2021/08/23
どうしようもない作家です
Amazonプライムで「結婚できない男」というドラマを観ました。最近は映画だけでなく、ドラマもちょくちょく観ています。執筆のためです。
当ドラマの筋書きは、文字通り”そんなんじゃ到底結婚できないぞ”という男性が最高の理解者を見つける。という話で、ドラマなのにまったくドラマティックな展開がない。という当時のテレビドラマ氷河期を反映したような、これまでとは一風変わった趣向がこらされています。ドラマというよりリアリズムの追求。テレビドラマ特有のご都合主義をなるだけ排除し、現実社会の一部を面白く切り取ったような、そんな印象がありました。
阿部寛扮する主役の男性は建築士で、仕事はすごぶるできるのにコミュニケーション能力が皆無なため、自分一人ではお客さんから仕事を受注することができません。そこを高島礼子扮するパートナーの女性が全面的にカバーすることで、8年間絶妙なバランスで経営が回っていました。

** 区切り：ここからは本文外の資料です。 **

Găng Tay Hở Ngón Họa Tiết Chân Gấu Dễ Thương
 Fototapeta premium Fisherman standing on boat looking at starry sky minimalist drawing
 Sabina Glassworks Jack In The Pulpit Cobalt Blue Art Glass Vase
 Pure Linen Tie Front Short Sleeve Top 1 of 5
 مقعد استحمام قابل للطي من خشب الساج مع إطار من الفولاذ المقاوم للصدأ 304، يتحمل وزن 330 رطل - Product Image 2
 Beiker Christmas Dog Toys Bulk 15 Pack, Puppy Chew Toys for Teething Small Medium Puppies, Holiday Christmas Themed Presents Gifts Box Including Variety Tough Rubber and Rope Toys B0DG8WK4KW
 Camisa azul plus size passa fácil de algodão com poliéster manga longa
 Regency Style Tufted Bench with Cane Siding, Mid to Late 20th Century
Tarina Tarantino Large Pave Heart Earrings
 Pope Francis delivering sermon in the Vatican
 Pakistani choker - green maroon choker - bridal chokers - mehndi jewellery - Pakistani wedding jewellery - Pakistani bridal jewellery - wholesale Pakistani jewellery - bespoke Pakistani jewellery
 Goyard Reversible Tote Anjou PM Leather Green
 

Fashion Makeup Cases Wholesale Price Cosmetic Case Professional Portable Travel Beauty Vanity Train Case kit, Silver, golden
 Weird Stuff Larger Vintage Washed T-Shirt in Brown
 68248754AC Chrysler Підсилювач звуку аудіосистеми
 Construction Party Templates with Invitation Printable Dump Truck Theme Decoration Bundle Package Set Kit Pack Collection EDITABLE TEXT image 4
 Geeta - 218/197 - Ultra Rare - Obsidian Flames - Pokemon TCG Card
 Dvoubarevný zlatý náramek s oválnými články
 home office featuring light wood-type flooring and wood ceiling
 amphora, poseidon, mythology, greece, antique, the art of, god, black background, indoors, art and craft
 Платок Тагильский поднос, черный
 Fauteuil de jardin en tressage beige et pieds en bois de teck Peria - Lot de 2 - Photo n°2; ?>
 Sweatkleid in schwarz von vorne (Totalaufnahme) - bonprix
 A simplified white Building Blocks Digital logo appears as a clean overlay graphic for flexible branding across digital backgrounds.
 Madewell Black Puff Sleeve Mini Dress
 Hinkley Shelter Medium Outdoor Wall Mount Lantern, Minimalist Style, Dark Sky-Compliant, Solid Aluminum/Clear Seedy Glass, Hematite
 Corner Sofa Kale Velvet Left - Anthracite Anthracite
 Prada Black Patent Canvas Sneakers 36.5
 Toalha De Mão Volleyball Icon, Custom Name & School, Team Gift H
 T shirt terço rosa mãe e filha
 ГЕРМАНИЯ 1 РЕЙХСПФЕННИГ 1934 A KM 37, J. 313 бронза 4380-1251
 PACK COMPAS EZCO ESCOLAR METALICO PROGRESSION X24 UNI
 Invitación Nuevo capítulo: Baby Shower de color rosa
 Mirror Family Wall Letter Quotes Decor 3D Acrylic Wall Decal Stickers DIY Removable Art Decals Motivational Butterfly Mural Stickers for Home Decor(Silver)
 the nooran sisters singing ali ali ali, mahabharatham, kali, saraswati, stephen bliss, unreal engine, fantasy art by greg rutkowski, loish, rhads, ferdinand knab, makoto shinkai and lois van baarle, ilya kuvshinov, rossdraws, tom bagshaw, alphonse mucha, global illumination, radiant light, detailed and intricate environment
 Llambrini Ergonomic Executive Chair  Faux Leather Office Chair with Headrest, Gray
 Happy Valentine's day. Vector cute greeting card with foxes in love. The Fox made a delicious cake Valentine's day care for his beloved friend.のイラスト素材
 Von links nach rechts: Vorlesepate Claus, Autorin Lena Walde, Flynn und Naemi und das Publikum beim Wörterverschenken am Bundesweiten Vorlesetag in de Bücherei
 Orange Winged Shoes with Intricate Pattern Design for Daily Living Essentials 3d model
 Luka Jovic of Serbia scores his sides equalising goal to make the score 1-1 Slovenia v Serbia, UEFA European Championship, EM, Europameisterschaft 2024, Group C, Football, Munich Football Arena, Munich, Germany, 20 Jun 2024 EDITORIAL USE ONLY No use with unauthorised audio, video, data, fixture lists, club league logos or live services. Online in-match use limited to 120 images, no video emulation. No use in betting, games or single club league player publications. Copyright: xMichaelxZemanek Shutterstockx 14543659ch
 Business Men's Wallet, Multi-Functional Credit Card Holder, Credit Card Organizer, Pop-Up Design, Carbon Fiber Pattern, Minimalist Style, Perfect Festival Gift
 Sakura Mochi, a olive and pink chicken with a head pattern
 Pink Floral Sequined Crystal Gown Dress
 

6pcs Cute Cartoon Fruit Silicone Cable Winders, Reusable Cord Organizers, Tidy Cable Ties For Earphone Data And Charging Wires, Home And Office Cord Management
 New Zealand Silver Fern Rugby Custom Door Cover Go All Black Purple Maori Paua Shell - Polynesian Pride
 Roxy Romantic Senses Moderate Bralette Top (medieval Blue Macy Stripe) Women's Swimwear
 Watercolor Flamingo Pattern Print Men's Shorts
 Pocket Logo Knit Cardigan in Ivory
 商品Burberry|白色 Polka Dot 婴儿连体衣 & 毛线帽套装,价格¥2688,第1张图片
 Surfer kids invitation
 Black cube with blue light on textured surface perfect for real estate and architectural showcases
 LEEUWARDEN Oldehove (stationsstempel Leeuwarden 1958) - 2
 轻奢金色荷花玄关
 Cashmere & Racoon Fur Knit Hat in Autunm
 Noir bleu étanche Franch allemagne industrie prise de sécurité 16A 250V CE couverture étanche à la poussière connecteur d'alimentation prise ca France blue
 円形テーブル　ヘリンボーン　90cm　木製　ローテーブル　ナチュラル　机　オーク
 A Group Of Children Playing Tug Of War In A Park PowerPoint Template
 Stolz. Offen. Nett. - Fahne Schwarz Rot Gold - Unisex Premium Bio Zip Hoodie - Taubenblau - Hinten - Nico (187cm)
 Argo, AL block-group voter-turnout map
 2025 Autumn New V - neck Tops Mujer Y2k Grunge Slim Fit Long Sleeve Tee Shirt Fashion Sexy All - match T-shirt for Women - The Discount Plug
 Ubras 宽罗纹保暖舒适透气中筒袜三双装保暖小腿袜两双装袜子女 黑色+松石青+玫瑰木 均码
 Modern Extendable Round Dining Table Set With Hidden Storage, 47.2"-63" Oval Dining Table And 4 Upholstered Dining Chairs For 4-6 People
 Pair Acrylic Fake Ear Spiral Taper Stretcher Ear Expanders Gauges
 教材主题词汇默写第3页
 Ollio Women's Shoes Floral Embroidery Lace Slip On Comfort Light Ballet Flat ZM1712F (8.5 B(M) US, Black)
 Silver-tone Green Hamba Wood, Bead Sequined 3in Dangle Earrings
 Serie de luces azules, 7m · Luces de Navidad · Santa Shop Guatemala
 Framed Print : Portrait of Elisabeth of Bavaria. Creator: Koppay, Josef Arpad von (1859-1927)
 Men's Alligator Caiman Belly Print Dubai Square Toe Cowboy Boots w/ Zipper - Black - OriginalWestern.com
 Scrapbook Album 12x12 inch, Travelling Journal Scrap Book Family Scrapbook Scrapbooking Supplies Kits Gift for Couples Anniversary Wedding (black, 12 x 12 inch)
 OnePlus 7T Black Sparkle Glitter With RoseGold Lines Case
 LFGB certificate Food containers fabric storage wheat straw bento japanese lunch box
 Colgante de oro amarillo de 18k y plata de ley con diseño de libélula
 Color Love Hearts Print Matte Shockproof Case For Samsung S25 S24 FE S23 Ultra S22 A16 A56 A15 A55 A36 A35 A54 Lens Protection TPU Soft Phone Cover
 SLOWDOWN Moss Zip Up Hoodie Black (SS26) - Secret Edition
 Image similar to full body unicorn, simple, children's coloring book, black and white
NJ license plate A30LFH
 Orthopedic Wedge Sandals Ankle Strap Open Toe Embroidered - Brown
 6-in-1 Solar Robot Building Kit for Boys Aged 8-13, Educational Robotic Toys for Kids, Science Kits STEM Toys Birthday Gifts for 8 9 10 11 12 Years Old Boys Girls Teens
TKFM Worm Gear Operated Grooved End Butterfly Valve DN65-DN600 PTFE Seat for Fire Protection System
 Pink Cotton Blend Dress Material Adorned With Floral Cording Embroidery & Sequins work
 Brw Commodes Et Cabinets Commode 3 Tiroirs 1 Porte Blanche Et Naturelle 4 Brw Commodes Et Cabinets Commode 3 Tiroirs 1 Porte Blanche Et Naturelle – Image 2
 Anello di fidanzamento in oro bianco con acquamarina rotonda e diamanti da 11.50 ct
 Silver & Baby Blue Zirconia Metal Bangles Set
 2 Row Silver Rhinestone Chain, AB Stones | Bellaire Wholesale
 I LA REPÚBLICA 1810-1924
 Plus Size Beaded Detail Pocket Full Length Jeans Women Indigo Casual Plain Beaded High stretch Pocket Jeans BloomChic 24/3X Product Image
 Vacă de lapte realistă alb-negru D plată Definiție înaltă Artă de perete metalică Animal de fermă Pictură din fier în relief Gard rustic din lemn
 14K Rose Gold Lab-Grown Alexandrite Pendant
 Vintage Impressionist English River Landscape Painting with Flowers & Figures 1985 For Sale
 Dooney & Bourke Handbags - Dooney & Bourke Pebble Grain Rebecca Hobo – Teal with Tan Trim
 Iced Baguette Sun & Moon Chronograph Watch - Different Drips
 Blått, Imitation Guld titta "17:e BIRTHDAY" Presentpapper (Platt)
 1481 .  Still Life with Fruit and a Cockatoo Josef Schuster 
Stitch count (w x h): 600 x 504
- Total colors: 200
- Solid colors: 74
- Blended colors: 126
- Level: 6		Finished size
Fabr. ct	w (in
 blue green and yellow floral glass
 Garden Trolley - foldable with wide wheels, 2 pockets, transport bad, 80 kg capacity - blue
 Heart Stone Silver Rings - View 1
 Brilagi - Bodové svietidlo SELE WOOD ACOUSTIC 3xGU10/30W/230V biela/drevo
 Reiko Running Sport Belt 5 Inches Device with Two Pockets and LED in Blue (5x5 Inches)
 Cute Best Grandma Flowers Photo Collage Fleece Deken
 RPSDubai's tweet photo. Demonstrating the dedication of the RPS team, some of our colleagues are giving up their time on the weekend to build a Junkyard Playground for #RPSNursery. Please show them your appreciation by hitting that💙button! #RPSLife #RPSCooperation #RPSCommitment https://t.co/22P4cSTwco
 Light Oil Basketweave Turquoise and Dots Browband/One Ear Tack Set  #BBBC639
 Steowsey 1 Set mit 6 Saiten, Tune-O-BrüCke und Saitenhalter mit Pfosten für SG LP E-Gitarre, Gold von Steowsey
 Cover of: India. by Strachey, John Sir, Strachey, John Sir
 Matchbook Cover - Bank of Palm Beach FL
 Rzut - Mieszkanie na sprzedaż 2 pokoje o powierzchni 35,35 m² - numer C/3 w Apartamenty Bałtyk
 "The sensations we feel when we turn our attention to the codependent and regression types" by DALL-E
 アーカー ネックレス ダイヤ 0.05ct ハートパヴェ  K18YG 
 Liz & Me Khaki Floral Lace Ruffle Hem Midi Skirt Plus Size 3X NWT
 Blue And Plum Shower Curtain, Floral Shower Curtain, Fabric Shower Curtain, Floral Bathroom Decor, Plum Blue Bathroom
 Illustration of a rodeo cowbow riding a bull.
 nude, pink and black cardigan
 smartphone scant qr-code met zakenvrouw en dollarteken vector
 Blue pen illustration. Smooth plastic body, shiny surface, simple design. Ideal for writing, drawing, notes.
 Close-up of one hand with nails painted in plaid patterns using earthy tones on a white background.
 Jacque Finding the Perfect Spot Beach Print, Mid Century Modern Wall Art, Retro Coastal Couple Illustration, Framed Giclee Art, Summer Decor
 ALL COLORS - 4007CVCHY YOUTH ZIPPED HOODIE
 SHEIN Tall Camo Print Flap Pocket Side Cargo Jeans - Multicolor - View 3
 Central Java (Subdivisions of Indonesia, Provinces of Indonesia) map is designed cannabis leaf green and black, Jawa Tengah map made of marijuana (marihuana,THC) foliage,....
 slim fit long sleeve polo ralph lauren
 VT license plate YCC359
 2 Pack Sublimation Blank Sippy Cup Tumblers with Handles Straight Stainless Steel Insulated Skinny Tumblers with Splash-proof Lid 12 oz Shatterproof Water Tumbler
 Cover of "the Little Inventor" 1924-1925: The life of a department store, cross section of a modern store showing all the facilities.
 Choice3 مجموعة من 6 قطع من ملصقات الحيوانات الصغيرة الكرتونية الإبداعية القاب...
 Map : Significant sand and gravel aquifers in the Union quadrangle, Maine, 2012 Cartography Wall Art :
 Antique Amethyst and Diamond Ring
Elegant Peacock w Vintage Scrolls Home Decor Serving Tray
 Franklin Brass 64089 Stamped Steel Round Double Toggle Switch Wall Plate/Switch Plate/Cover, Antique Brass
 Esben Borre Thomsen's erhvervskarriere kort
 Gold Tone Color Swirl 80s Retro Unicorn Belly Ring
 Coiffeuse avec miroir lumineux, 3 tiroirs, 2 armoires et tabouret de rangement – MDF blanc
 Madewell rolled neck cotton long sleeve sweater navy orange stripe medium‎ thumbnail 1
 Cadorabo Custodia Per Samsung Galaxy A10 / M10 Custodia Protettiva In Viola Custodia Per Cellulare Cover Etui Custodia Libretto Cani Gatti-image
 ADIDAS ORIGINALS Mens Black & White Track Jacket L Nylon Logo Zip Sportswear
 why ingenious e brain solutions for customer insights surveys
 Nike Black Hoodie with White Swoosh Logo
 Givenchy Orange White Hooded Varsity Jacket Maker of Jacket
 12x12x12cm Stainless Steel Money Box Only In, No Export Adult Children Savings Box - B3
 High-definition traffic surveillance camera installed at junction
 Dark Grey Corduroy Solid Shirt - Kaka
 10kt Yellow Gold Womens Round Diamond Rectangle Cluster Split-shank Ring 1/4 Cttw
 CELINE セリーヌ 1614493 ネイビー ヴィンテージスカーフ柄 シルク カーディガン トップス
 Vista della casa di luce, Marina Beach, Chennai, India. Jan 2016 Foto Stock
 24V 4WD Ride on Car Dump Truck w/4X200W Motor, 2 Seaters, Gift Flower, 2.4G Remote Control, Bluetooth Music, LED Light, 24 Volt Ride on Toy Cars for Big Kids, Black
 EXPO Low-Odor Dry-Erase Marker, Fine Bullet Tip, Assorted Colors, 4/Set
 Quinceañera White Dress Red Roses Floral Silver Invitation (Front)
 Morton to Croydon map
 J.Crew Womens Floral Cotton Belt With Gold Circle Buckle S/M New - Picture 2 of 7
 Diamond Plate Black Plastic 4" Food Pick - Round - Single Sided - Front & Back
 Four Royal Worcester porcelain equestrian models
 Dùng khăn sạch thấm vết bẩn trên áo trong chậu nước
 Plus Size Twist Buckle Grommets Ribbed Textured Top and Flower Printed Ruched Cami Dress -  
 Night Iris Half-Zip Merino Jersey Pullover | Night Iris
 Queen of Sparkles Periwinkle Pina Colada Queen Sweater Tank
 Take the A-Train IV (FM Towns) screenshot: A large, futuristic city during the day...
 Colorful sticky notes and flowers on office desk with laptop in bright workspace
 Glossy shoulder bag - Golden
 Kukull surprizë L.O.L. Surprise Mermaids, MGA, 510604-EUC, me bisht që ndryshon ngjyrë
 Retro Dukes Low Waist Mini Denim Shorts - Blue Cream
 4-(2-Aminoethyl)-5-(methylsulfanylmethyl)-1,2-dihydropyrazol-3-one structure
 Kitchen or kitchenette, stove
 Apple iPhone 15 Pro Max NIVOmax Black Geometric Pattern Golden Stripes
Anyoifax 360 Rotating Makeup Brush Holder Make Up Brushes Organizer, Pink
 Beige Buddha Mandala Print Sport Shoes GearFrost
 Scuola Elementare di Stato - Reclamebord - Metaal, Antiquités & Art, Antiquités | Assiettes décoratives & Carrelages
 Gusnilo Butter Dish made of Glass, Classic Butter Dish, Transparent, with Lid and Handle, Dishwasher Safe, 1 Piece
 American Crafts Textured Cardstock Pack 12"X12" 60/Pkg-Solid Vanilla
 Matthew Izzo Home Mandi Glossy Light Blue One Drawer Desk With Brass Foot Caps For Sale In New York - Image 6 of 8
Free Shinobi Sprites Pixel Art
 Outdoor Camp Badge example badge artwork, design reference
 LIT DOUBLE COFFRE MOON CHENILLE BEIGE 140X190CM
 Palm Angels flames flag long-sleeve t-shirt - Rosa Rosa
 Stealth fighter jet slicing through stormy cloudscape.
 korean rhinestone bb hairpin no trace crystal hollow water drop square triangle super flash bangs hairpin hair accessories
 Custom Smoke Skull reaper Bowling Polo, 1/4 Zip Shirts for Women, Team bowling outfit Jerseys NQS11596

そんなパートナーの女性が、実は密かに主人公に思いを寄せていて、他社から引き抜きの話がきた際に、主人公はその気持ちを知ることになります。彼女は仕事上ではなく生涯のパートナーとなることを望んでいて、主人公にその気持ちを確かめるために、引き抜きの話を受けるつもりだと彼に告げる。
主人公は「お前の人生だ。好きにしろ」と返事をしたが、内心では彼女なしでは自分はやっていけないことを十分に理解していた。相手のことを考えたら気持ちよく送り出すべきだけど、このままでは自分の方もダメになってしまう。
そんな折、「あの人はあなたのことが好きなのよ」と、かかりつけの女医に告げられ、「辞めないでくれ」と素直に言いなさいと助言を受ける。このままではダメだと気づいた主人公は一人、商談の場に乗り込んでいく。ここで素直にならなければ彼女は去ってしまう。
ところが、そんな重要な場面においても、「お前のように都合のいい女は他にいないんだ」と、仕事上のパートナーとしての必要性を訴える主人公。自分へ好意を寄せていることなど、そのあたりの相手の気持ちに対する配慮は一切なしの口上。なんて冷たいのか。
挙句、最後は助言をくれた女医とひっつくという、まったくもって自分勝手な主人公。そりゃあこんな男が結婚なんてできるはずはない。
ところが、彼は皮肉屋ではあるものの、自分の気持ちに嘘をつきたくない。という信条をもっていて、それが社会への適合性を低くさせている。ということが最後には分かってきます。彼は彼なりの生き方を貫いていたわけです。
結局のところ、こういう男性には、仕事上においても、プライベードにおいても、自分を理解してくれる女性の存在が不可欠なんだな。ということを視聴者として僕は感じました。
たまに、自分がどうしようもない人間に思えてきます。
社会人としてのバランスを著しく欠いていて、ろくに人との関係も築けやしない。本を書いていなければこの世界における自分の存在意義なんてないのではないか。そう思うこともしばしばあります。
けれど、そんな自分を唯一信じてくれているのが、妻です。
妻がいなければ、もしかすると自分はもうこの世にはいなかったかもしれない。そう言っても大げさではありません。
僕にとって、女性の存在はあまりにも偉大です。
女性のサポートなしでは生きていけません。
まったく、どうしようもない作家です。